George W. Bush and Barack Obama: A contrast in style and substance.

RUSH LIMBAUGH: George Bush yesterday, the 9/11 memorials. You know, a friend of mine observed this. What did Obama do? Obama went to a soup kitchen, 9/11, a day of service, as though we’ve got something to apologize for, for what happened on 9/11. A friend of mine observes Obama and Bloomberg both acted like it was a natural disaster. Bush, George W. Bush, who, by the way, stands tall in retrospect. Ten years, not one attack… A little bit about 9/11 and the memorials that took place over the weekend. When you hear Americans reliving 9/11 — I mean real people that were citizens of the country; not media people or sports stars, but real people — You have to wonder: At some point will George W. Bush be on Mount Rushmore?
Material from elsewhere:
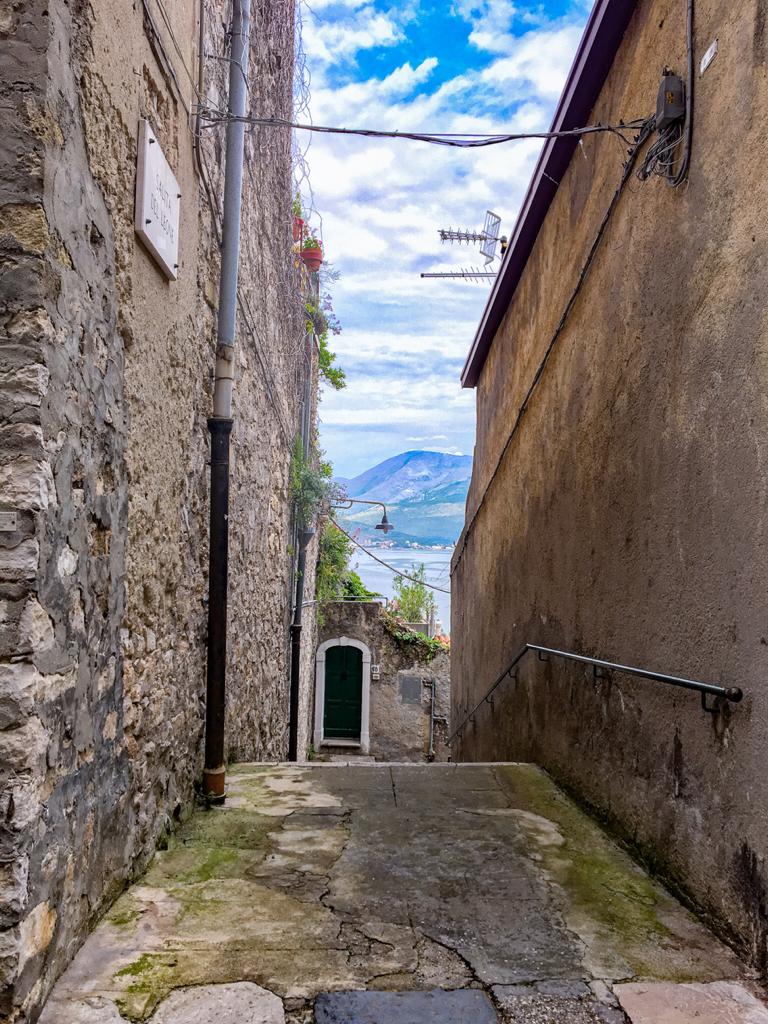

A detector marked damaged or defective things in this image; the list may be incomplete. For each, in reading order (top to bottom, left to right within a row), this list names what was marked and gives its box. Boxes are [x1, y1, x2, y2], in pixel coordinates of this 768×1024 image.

cracked pavement [40, 765, 765, 1019] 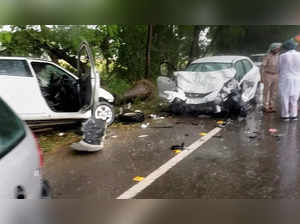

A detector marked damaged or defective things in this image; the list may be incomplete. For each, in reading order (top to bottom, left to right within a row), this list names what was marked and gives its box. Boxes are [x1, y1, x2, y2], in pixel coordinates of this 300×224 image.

Look at what this nation went through. The shock, the horror, the terror, the doubts, the confusion, the fears of what’s next, and out of that day — and out of that treachery and confusion we got the most implausible result: No more attacks. Quite a job, Mr. President Bush. Quite a job…

RUSH LIMBAUGH: They did assassination movies and books about George W. Bush. There’s a picture. I don’t know if you’ve seen the picture: Bush and Obama standing side by side while a memorial service is going on, prayer taking place. Bush is appropriately bowing his head. Obama is looking up at his son: God — or, if you want, his father. But it’s not an accident. Now, some people have said Obama looks like he’s trying to figure out what he’s gonna wear on the golf course later. But, no. Obama has this habit of looking up and looking up above everyone and Bush is bowing his head. Obama’s eyes are closed looking up. That’s quite striking. I think it’s quite, quite telling.

They got all over Bush. He didn’t leave the school the moment he heard. He didn’t come back to Washington soon enough. Remember Peter Jennings saying, “Ah, you know, some presidents are just better at this than others,” in expressing his disapproval the way Bush was handling the post-9/11 period. Then they said it was all his fault, not the Clintons’. And then they said he was violating civil rights, that he was listening in on liberals’ phone calls and wiretapping their lives. He was rounding up citizens. He was torturing. He was invading your library records. And we had ten years of no attacks.

Rumsfeld put out a tweet today or somebody from Rumsfeld’s office put out a tweet that he’s canceled his New York Times subscription because of what Paul Krugman wrote about 9/11on Sunday. Krugman… I had it somewhere here in my stack, not all of it, but some of what he wrote. It really is repugnant. But Rumsfeld has canceled his subscription. I said, “What took you so long? Why is anybody on our side still reading the New York Times?” I know, I know. They’re hopefully going to find themselves in praise. (interruption) No, I know. People on our side read the New York Times, Washington Post hoping and hoping that they’ll be praised.